What the task requires:
Nothing but the lines from the one containing "Bild auf Leinwand" through the end of the data should be retyped, exactly as they stand, and pictures should not be retyped.

=== Begin Enclosure ===

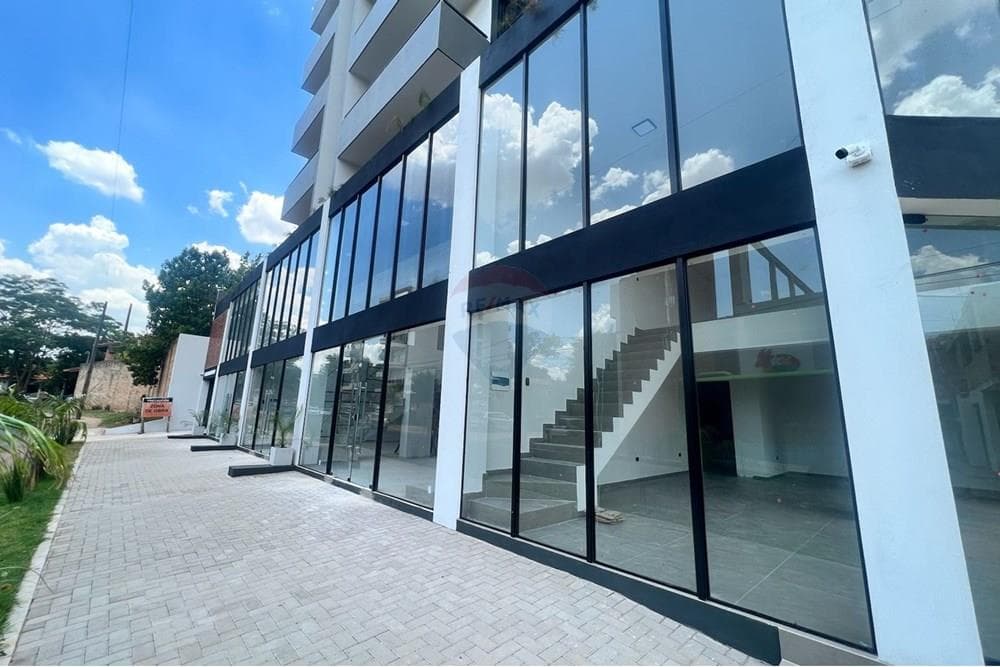 Salon comercial en San Lorenzo — foto 2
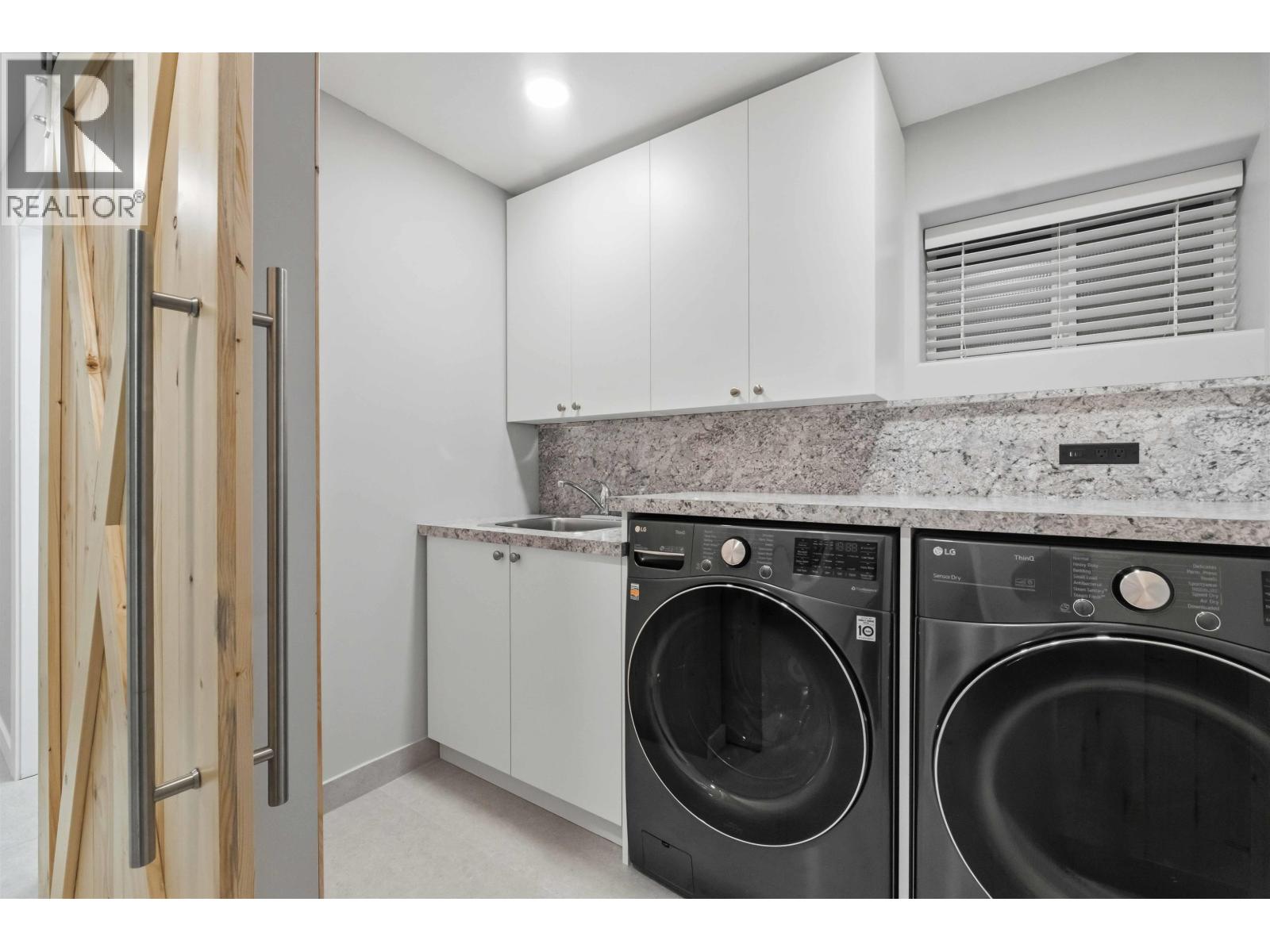 21101 119 AVENUE, Maple Ridge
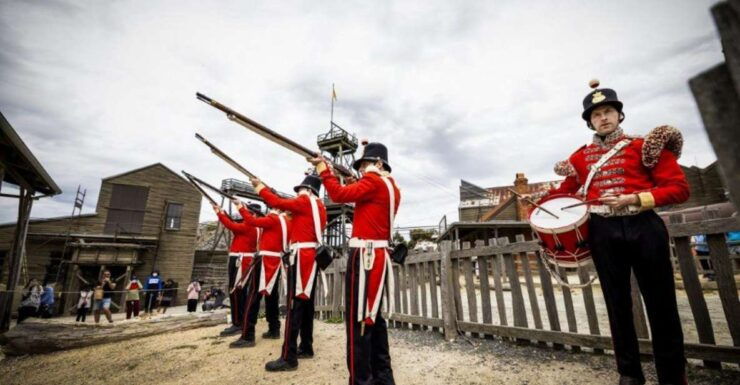 Melbourne: Sovereign Hill, Eureka Centre & Melbourne Skydeck - Booking Details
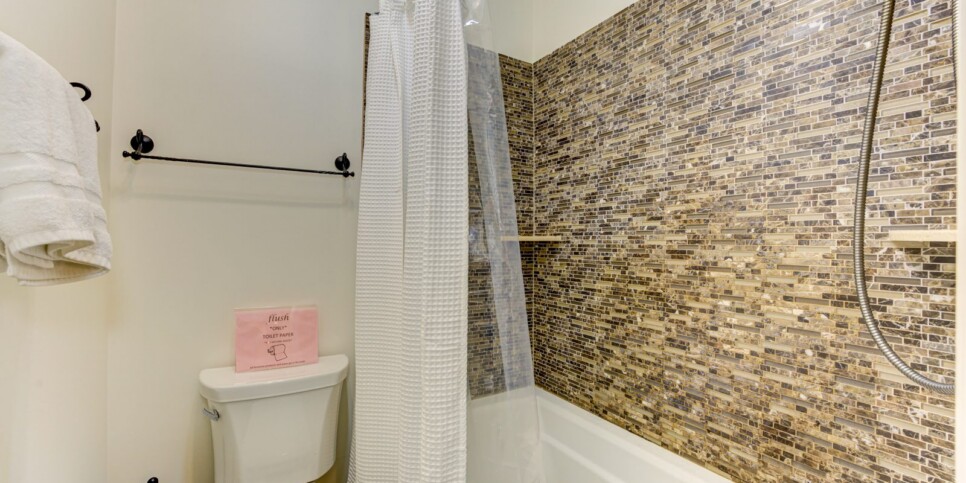 Big Canoe Modern Nomad Bathroom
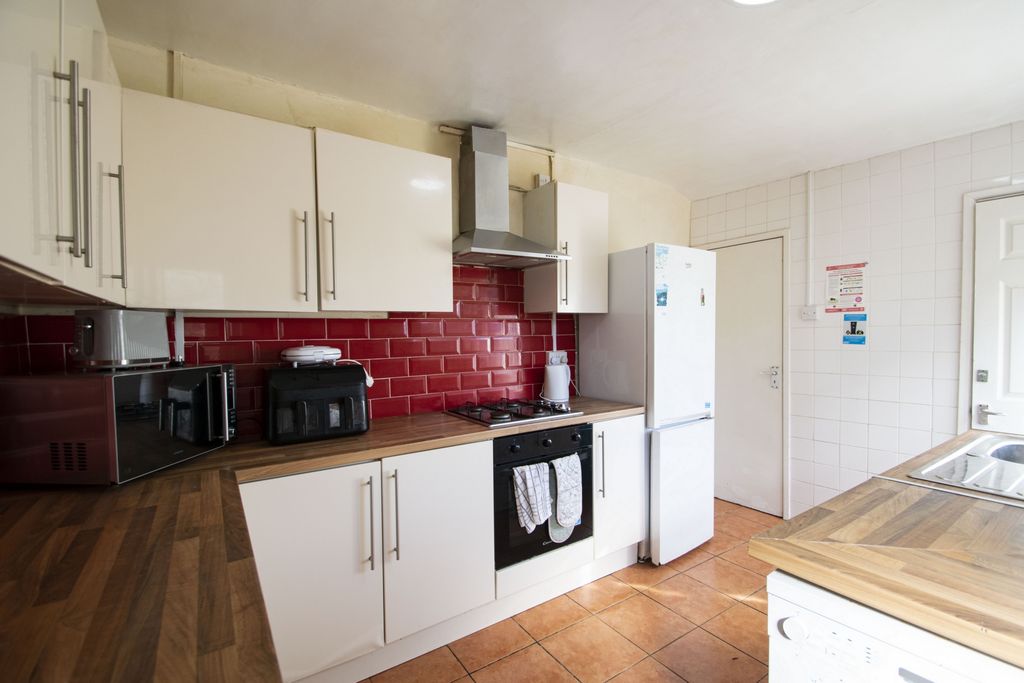 Property photo 2 of 14 Photo 3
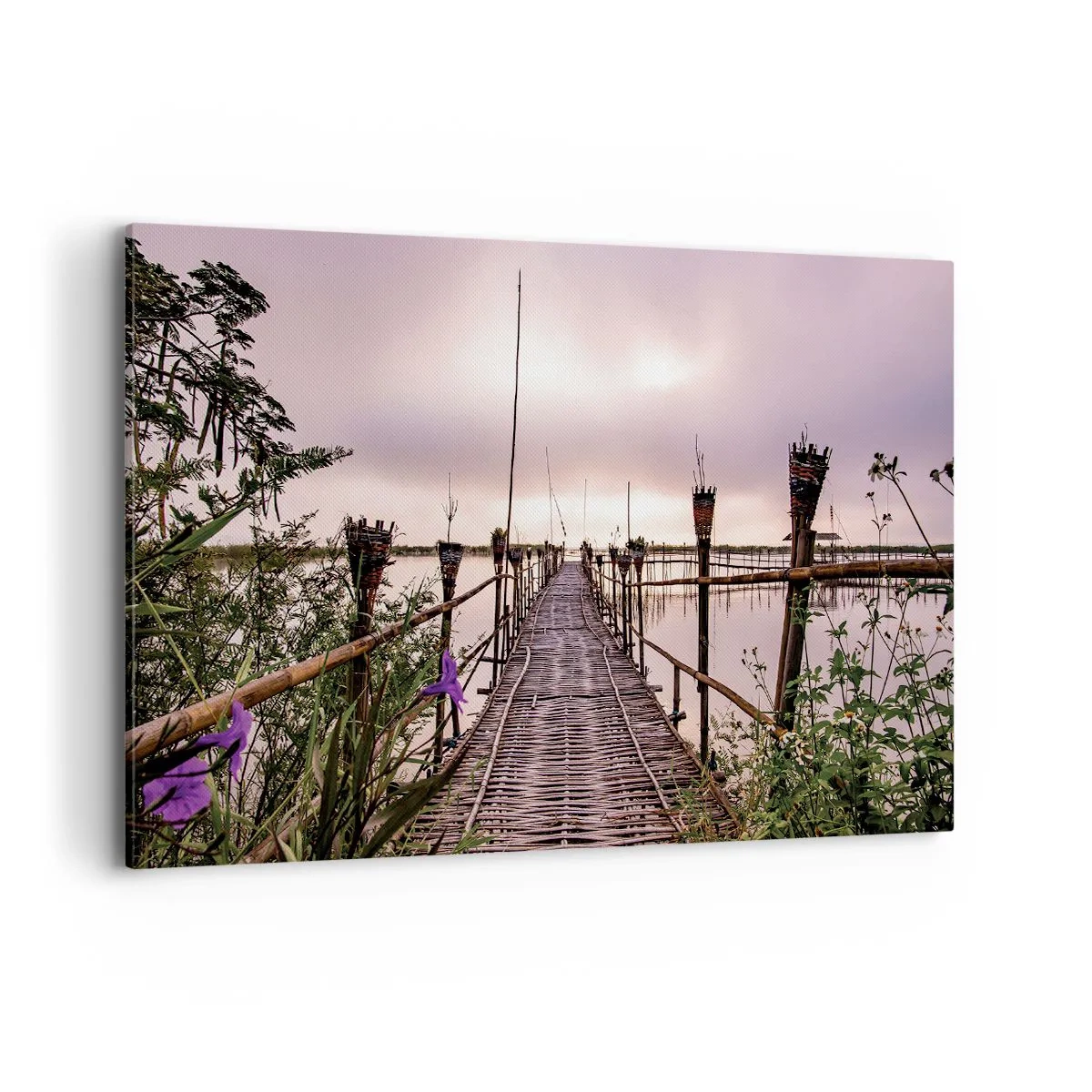 Bild auf Leinwand - Leinwandbild - Bambusbrücke über das Wasser im Morgengrauen - 120x80cm - Frieden und Ruhe Asiens - Moderne Wanddekoration für Wohnzimmer und Schlafzimmer ARTTOR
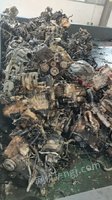 玉林出售兩百噸汽油發動機機頭、柴油發動機機頭，感興趣聯系19110111885
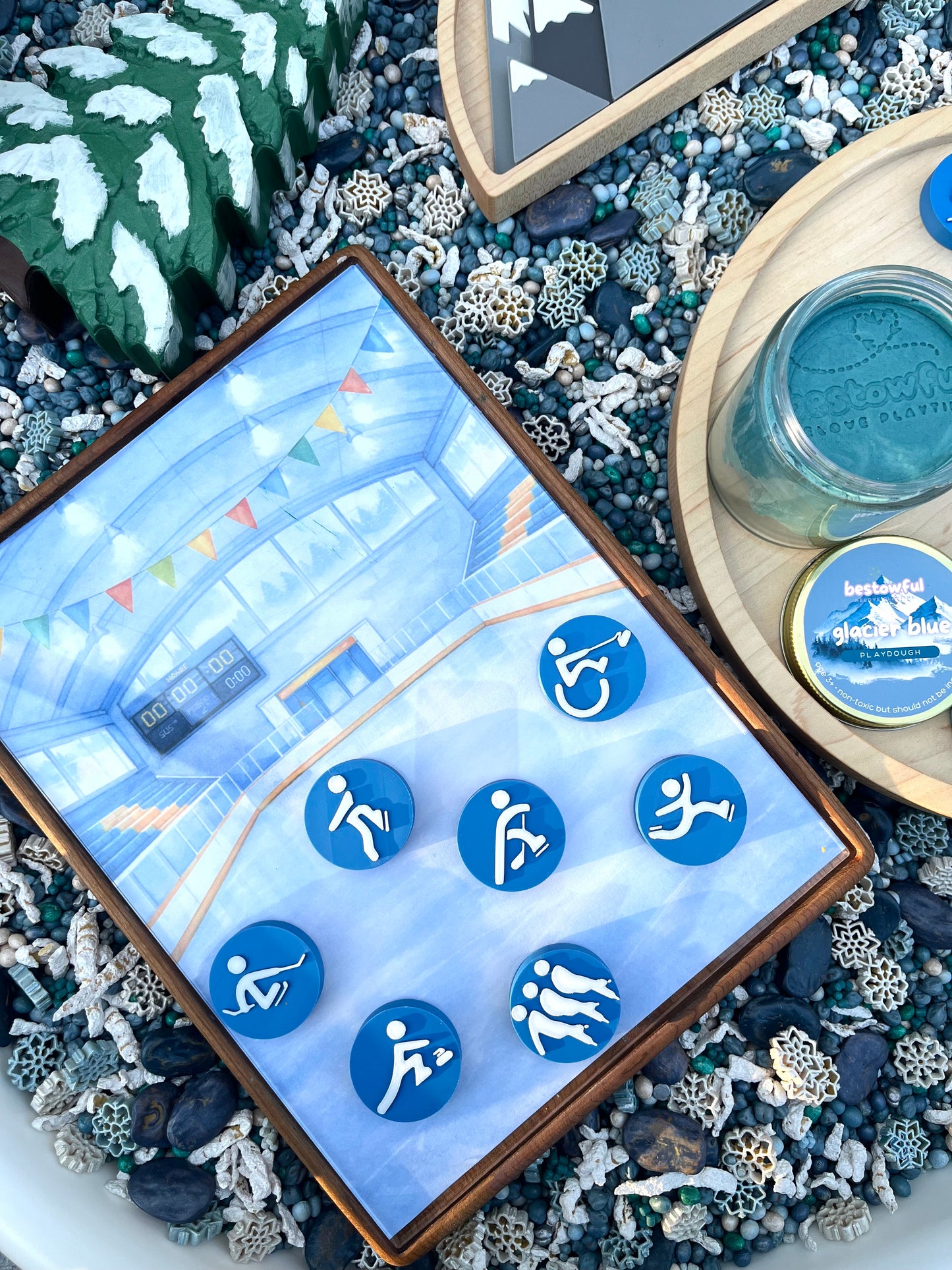 ‘Winter Peaks' Play Kit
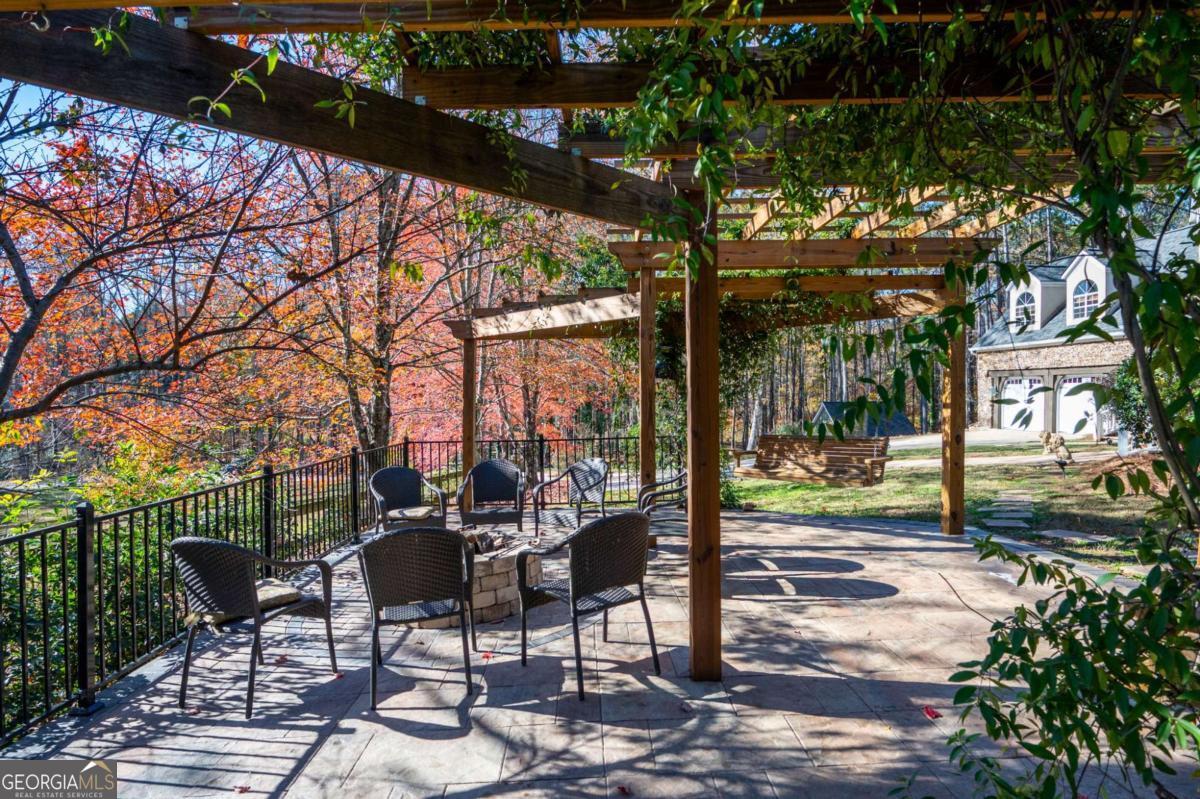 355 Clark Creek Pass Property Photo 59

=== End Enclosure ===

Exercise result:
 Bild auf Leinwand - Leinwandbild - Bambusbrücke über das Wasser im Morgengrauen - 120x80cm - Frieden und Ruhe Asiens - Moderne Wanddekoration für Wohnzimmer und Schlafzimmer ARTTOR
 玉林出售兩百噸汽油發動機機頭、柴油發動機機頭，感興趣聯系19110111885
 ‘Winter Peaks' Play Kit
 355 Clark Creek Pass Property Photo 59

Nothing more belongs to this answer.